UW-Whitewater Implements Changes to Prevent Additional False Alarms

UW-Whitewater Implements Changes to Prevent Additional False Alarms

Inadvertent contact with an alert activation button sent out an email indicating an active threat on the UW-Whitewater campus back in May.

The school's police chief says the new process for activating a campus alert now requires two steps.

Several changes have been made after students and faculty at the University of Wisconsin-Whitewater were mistakenly sent an email warning of an “active threat to life safety” on campus back in May.

On May 13, an erroneous email telling the campus community to “run, hide, fight” was sent and the school’s emergency alarm system sounded.

A correction email was sent approximately seven minutes later indicating there was no threat.

The false alarm was most likely caused by “inadvertent contact with the alert activation button,” according to UW-Whitewater Police Chief Matt Kienderlen.

Kienderlen sent an email to the campus community on June 25 outlining what officials had learned about the incident and what they planned to do to ensure it doesn’t happen again, reports The Gazette Extra.

“We checked all systems,” Keinderlen wrote. “Everything points to: Someone must have brushed it. Someone must have done it without realizing they did it because we can’t find a system issue. Nothing points directly to anything.”

School officials are still unsure who hit the button, which is located in City Hall where the city and university police departments house their dispatch services, as it occurred during a shift change.

Once the button is pressed, explained Kienderlen, a signal activates a server on campus that blasts out the message to everyone.
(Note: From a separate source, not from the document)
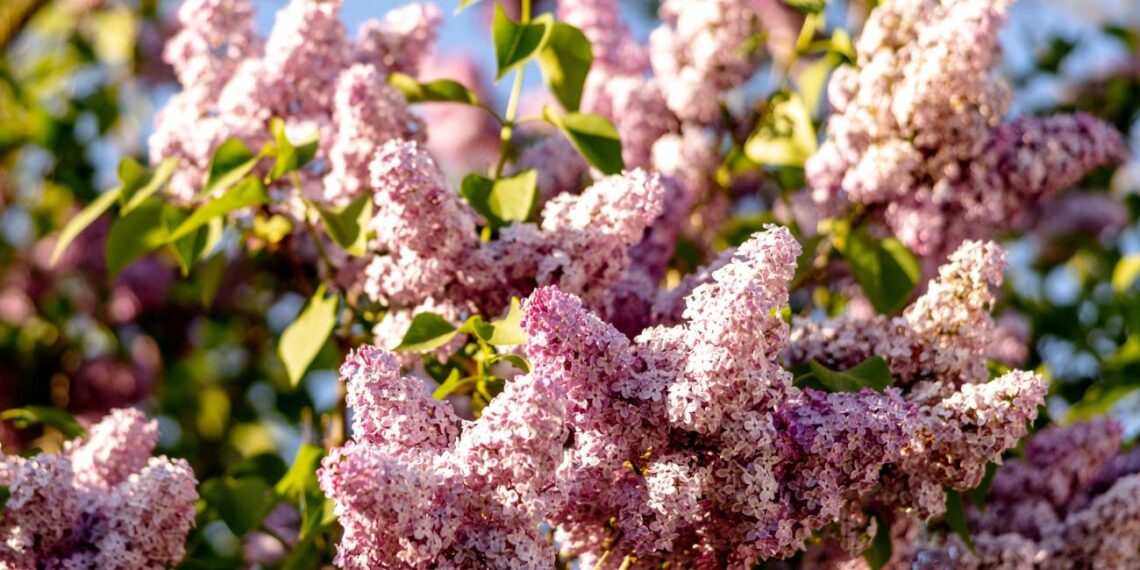Turi margenių sode? Šią žiemos gudrybę pamiršta visi – pavasarį krūmas sprogsta lyg išprotėjęs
Phone alerts and campus speakers continue to cycle until someone deactivates it.

The new process for activating the alert now requires two steps.

“In other words, you have to press a button to unlock the button that you then have to press to do the activation,” he said. “It’s basically that simple.”

Kienderlen also said there are plans in the works to streamline the process for turning off alerts as it took officials 30 minutes to deactivate the alarm system.

“We’re always concerned about letting people know (about the threat). We hadn’t really thought about, ‘Oh, what can we do on the other side to make sure we can shut it down as fast as we have to also?’” he said.